### Work request
Transcribe all of the data exactly. Omit the pictures.

### Entries provided
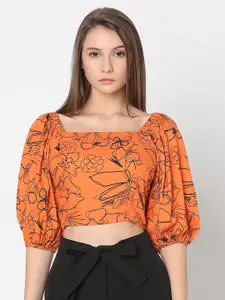 Vero Moda Square Neck Abstract Print Puff Sleeve Top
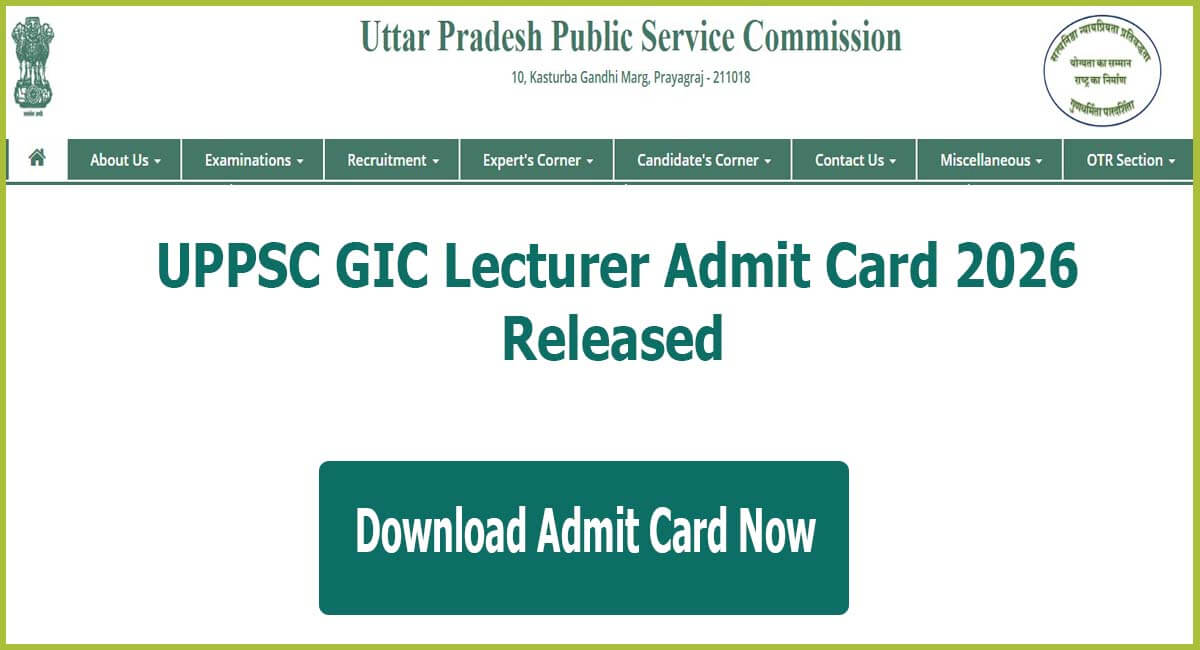 UPPSC GIC Lecturer Mains Admit Card 2026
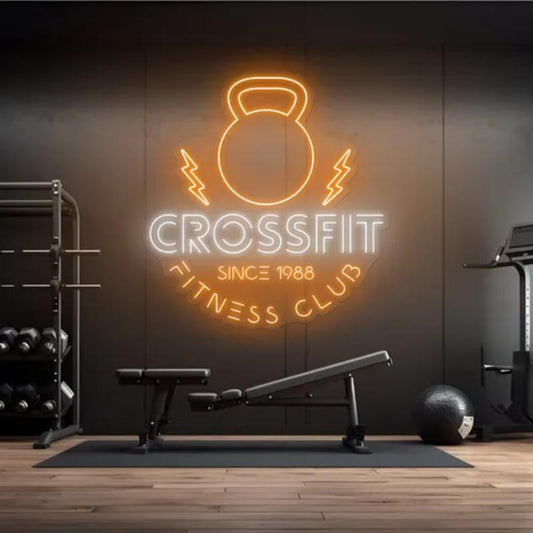 Crossfit Fitness Club Neon Sign  Personalized Mirror S  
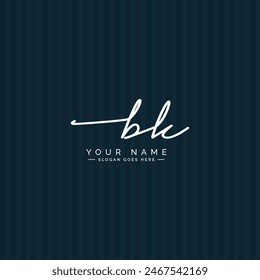 BK Initial Logo in Signature Style for Photography and Fashion Business - Hand Drawn Signature Logo Vector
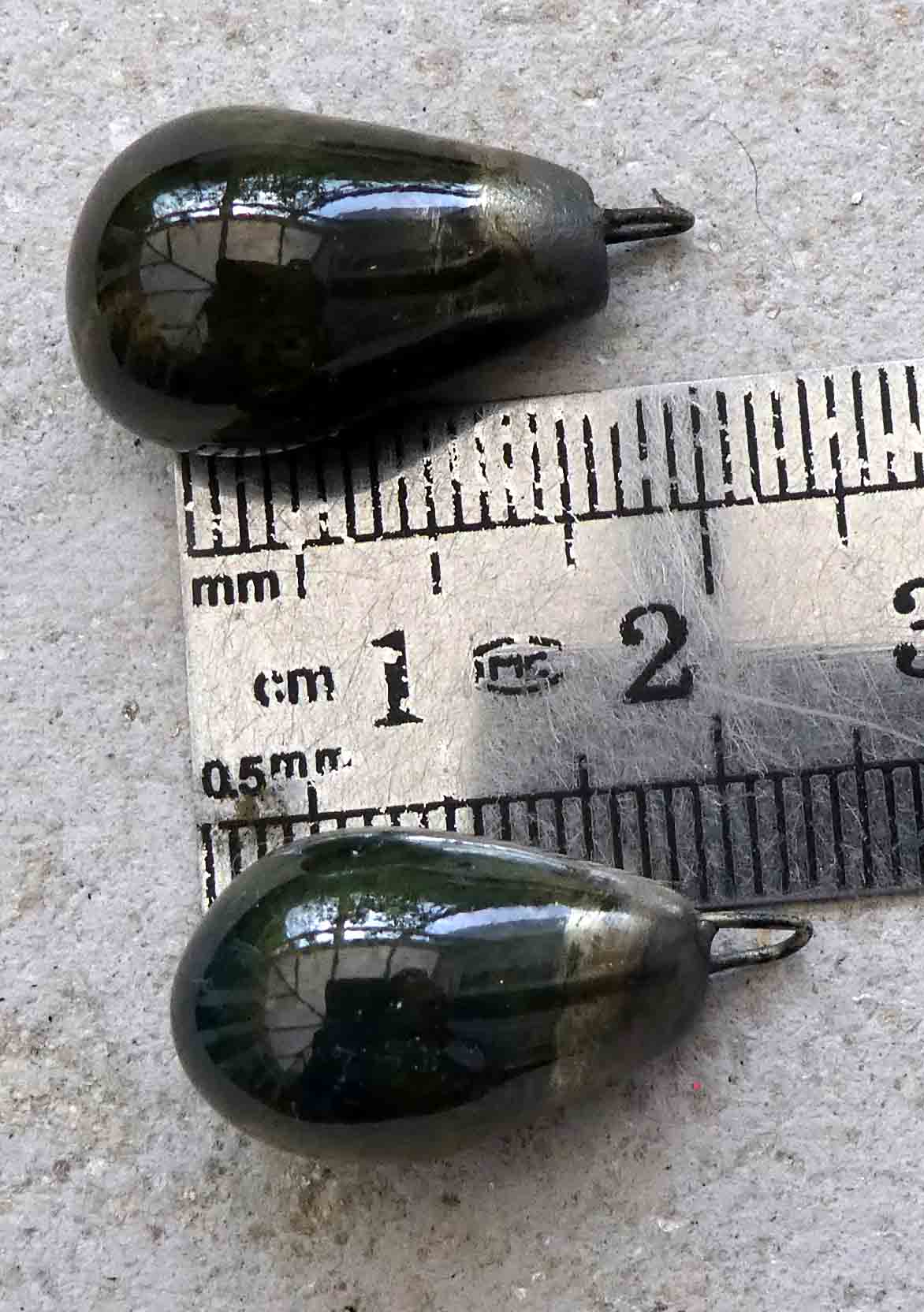 Ceramic Bronzy Drops Earring Charms - Emerald Forest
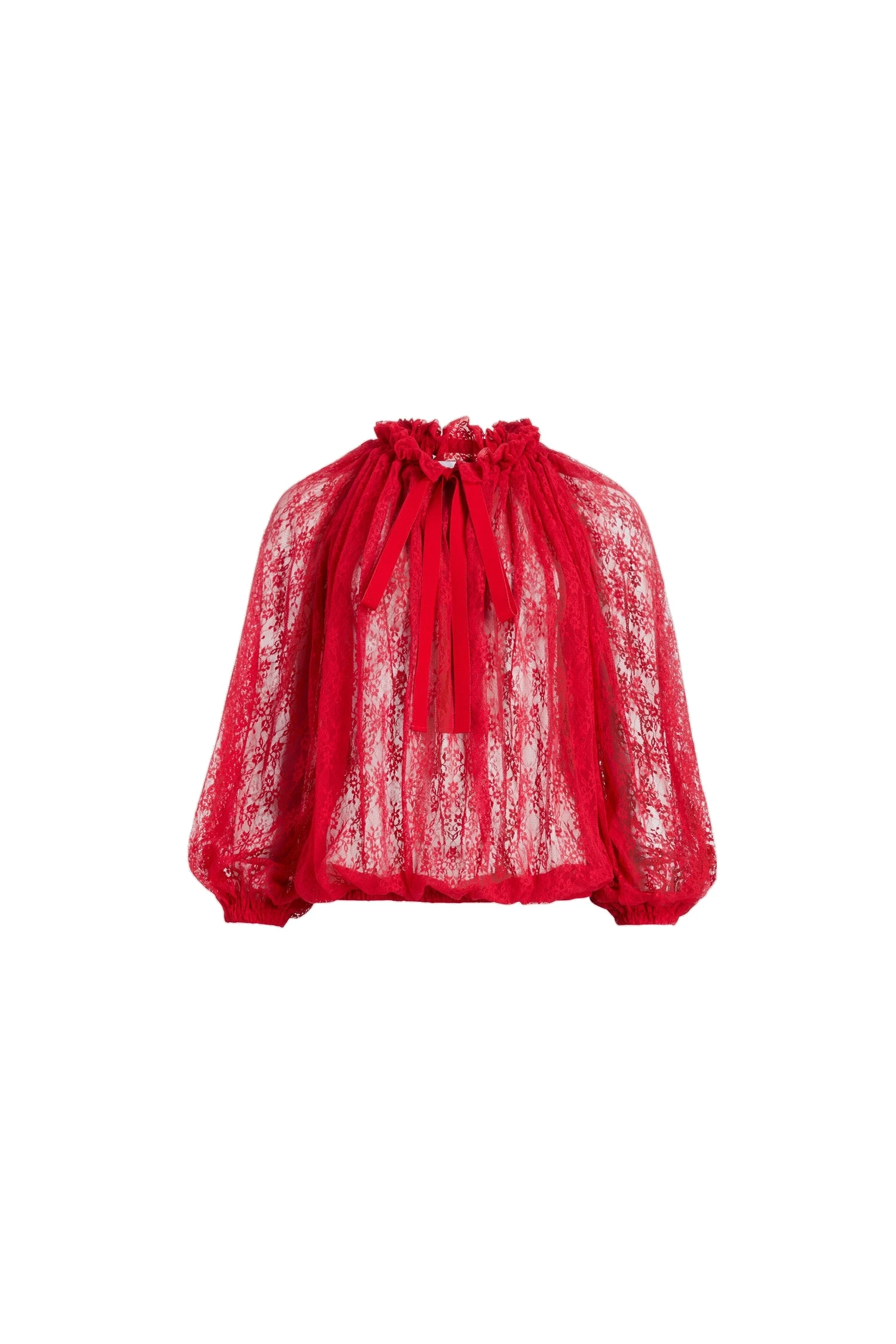 Patou Iconic drawstring top in Babylone Red lace jersey | Tops | Luxury Shoes Patou Iconic drawstring top in Babylone Red lace jersey
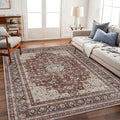CHAMPLANT Washable Area Rug 8'x10' Retro Boho Design Non-Shedding Non-Slip Easy by CHAMPLANT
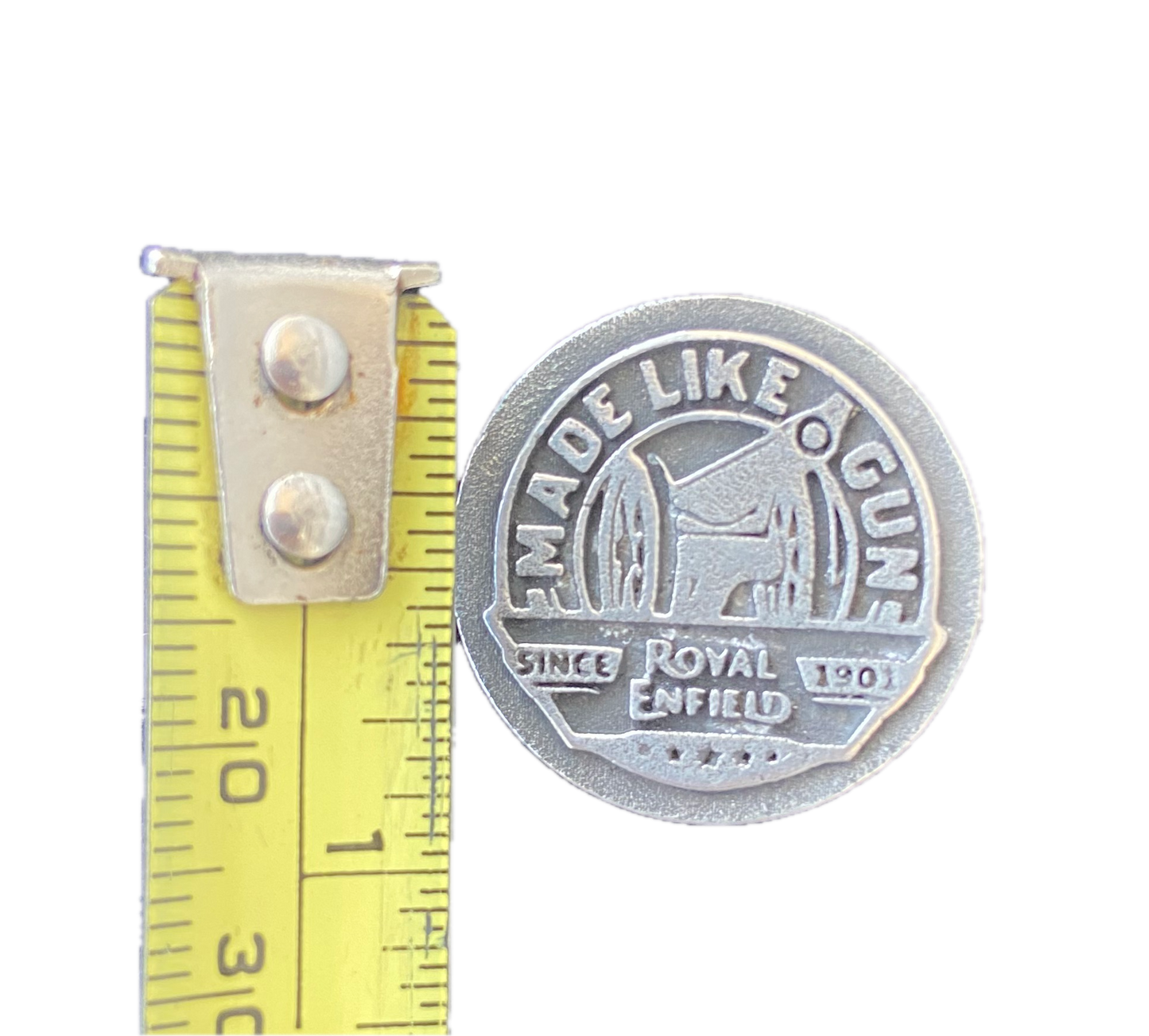 Royal Enfield Made Like a Gun Lapel Pin - Solid Pewter Indian Motorcycle Riders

### Completed task
 Vero Moda Square Neck Abstract Print Puff Sleeve Top
 UPPSC GIC Lecturer Mains Admit Card 2026
 Crossfit Fitness Club Neon Sign  Personalized Mirror S  
 BK Initial Logo in Signature Style for Photography and Fashion Business - Hand Drawn Signature Logo Vector
 Ceramic Bronzy Drops Earring Charms - Emerald Forest
 Patou Iconic drawstring top in Babylone Red lace jersey | Tops | Luxury Shoes Patou Iconic drawstring top in Babylone Red lace jersey
CHAMPLANT Washable Area Rug 8'x10' Retro Boho Design Non-Shedding Non-Slip Easy by CHAMPLANT
 Royal Enfield Made Like a Gun Lapel Pin - Solid Pewter Indian Motorcycle Riders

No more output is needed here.